L’exploitant doit améliorer la connaissance et le suivi de l'entretien de son réseau de gestion des eaux potentiellement polluées et vérifier l'étanchéité des dispositifs de rétention. Il doit également compléter la procédure de gestion des événements accidentels susceptibles de déverser des matières dangereuses dans le milieu naturel et effectuer la recherche de l'ensemble des métaux dans les analyses des rejets des eaux résiduaires.
6points de contrôle
6avec suites administratives
0susceptibles de suites
0sans suite
Collecte des eaux pluviales
Avec suites administratives
Référence contrôlée : Arrêté Ministériel du 26/03/2012, article 32
- Les eaux pluviales susceptibles d'être polluées sont évacuées via un réseau dédié selon le plan présenté. Cependant, ce plan est nommé "plan des réseaux humides projetés" et non réalisés. Cela ne permet pas d'être certain de la cohérence avec le plan du réseau réellement installé (absence notamment de la localisation du point de prélèvement, de la pompe de relevage, des altimétries et du sens d'écoulement des eaux etc...). De plus, le plan ne permet pas une compréhension précise du fonctionnement de ce réseau (l'emplacement de la vanne guillotine par rapport au bac séparateur et à la pompe de relevage pour évacuer les eaux de ruissellement vers le milieu naturel interroge). - La dernière facture de vidange et de curage du bac séparateur hydrocarbures en date du 23/07/2025 a été présentée. Cette opération respecte l'échéancier minimal de l'entretien annuel qui doit être effectué dans l'hypothèse où le volume des boues n'a pas atteint la moitié du volume utile du débourbeur. Le bac séparateur a été ouvert mais l'exploitant est dans l'incapacité d'évaluer si le volume des boues a atteint la moitié du volume utile du débourbeur. - Les bordereaux de traitement des déchets issus du dernier entretien du bac séparateur ont été présentés. - L'attestation de conformité à la norme du bac séparateur ne figurait pas au dossier ICPE.5/9 Demande à formuler à l’exploitant à la suite du constat : L'exploitant doit: - Produire un plan à jour et explicite du réseau de gestion des eaux pluviales susceptibles d'être polluées et le transmettre à l'inspection (délai 6 mois), - Respecter les échéances d'entretien du bac séparateur en tenant compte notamment du critère du volume des boues (délai 1 mois), - Fournir l'attestation de conformité à la norme du bac séparateur (délai 1 mois).

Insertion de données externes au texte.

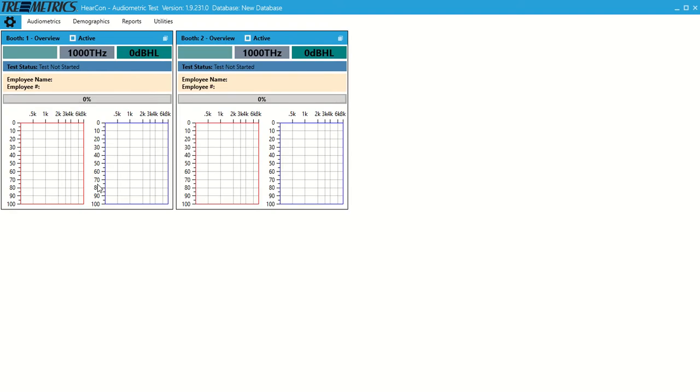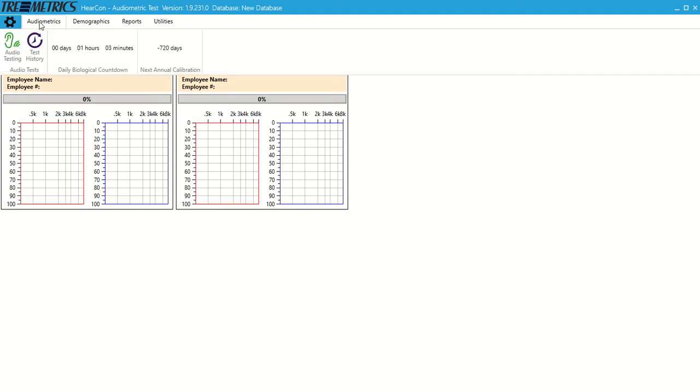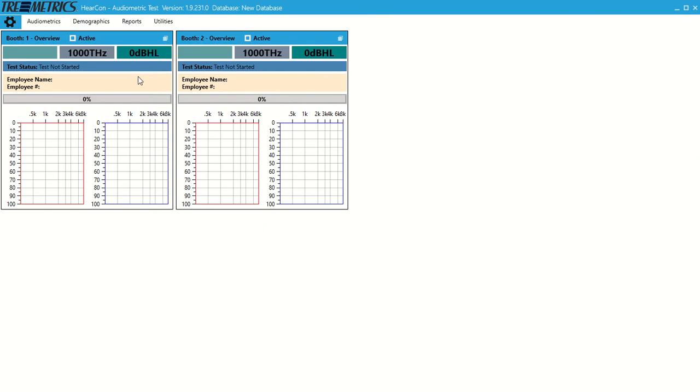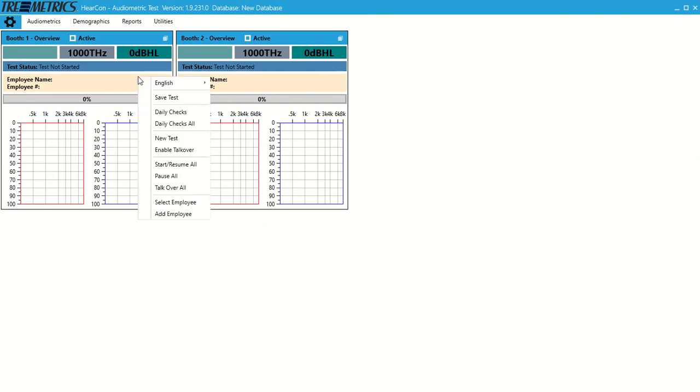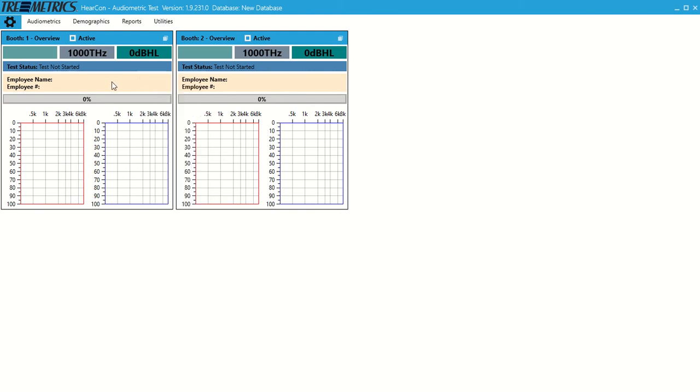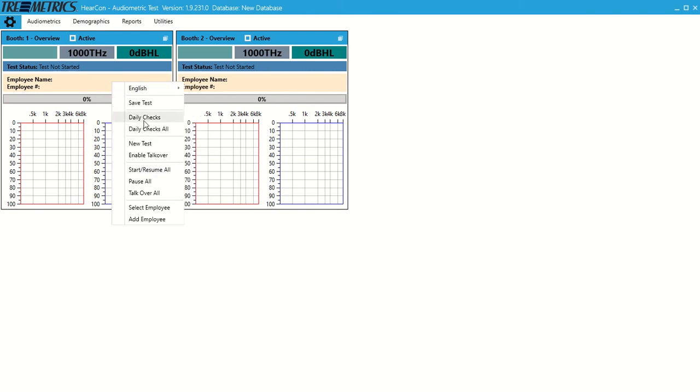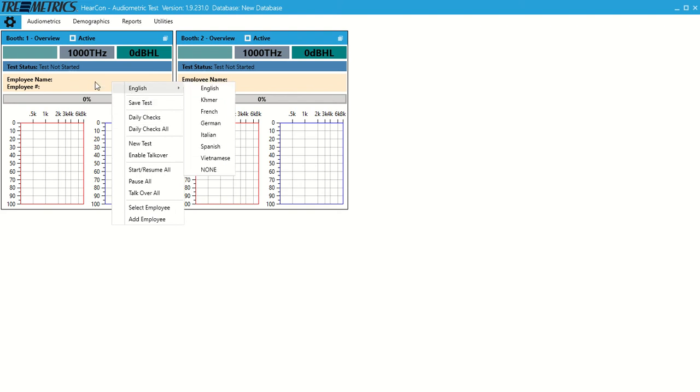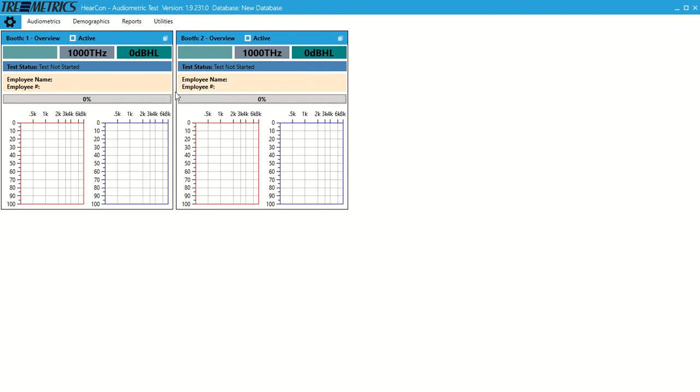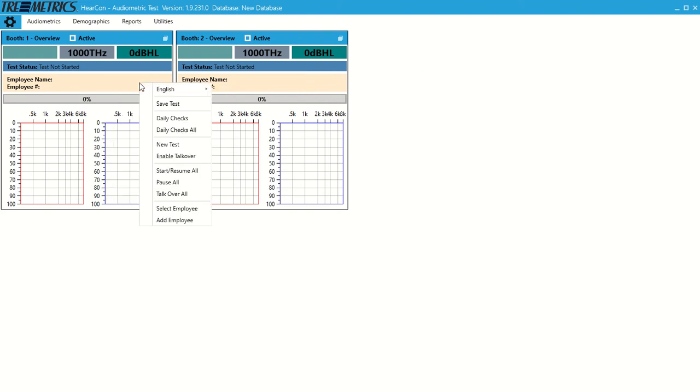This will be our home screen here under Audiometrics, Audio Testing. First thing, if we want to do our daily checks, we can right click. We have daily checks and daily checks all. Daily checks would be for just the audiometer you were hovering over, so for us it was the audiometer on the left. Daily checks all would be for every audiometer you have plugged in. So we'll go daily checks all quick.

Proposition de l'inspection : Demande de justificatif à l'exploitant, Demande d'action corrective
Référence contrôlée : Arrêté Ministériel du 26/03/2012, article 34
- Le document justifiant l'évaluation de la quantité d'eau rejetée a été établi le 16/04/2026. - L'exploitant confirme avoir un point de rejet dans le milieu naturel. Cependant, ce point de rejet n'est pas identifié sur le plan présenté et l'exploitant est dans l'incapacité de situer ce dernier sur site. Par conséquent, l'aménagement du point de prélèvement n'a pu être contrôlé. Demande à formuler à l’exploitant à la suite du constat : L'exploitant doit: - Identifier le point de rejet sur un plan et être en mesure de situer ce dernier sur site.
Proposition de l'inspection : Demande d'action corrective
Thèmes : Risques chroniques · Mesure des volumes rejetés et points de rejets
Rejets
Avec suites administratives
Référence contrôlée : Arrêté Ministériel du 26/03/2012, article 35
- Le rapport d'analyse du rejet des eaux résiduaires vers le milieu naturel en date du 29/12/2025 a été présenté et les résultats constatés sont conformes. - Cependant, la concentration en métaux totaux ne figure pas au rapport, notamment en raison de l'absence de recherche d'une éventuelle présence d’Étain (Sn), de Fer (Fe) et d'Aluminium (Al). - Le laboratoire indique dans ce document "En l'absence de texte réglementaire nous ne pouvons pas réaliser de comparaison". L'exploitant déclare ne pas effectuer de vérification de la conformité des résultats réceptionnés par rapport à la réglementation applicable à son installation. Demande à formuler à l’exploitant à la suite du constat : L'exploitant doit: - Contrôler l'ensemble des métaux identifiés dans le présent article (n° 35 de l'arrêté ministériel du 26/03/2012), s'assurer du respect des valeurs limites de rejet et mettre en œuvre des mesures en cas de dépassement. 7/9
Proposition de l'inspection : Demande d'action corrective
Référence contrôlée : Arrêté Ministériel du 26/03/2012, article 37
- L'exploitant a établi une procédure pour éviter tout déversement de matières dangereuses dans le milieu naturel en cas d'incendie. Cependant, aucun protocole n'est en place pour un événement accidentel autre. Demande à formuler à l’exploitant à la suite du constat : L'exploitant doit: - Compléter la procédure de gestion des événements accidentels en cas d'incendie en y intégrant les autres événements susceptibles de déverser accidentellement des matières dangereuses dans le milieu naturel.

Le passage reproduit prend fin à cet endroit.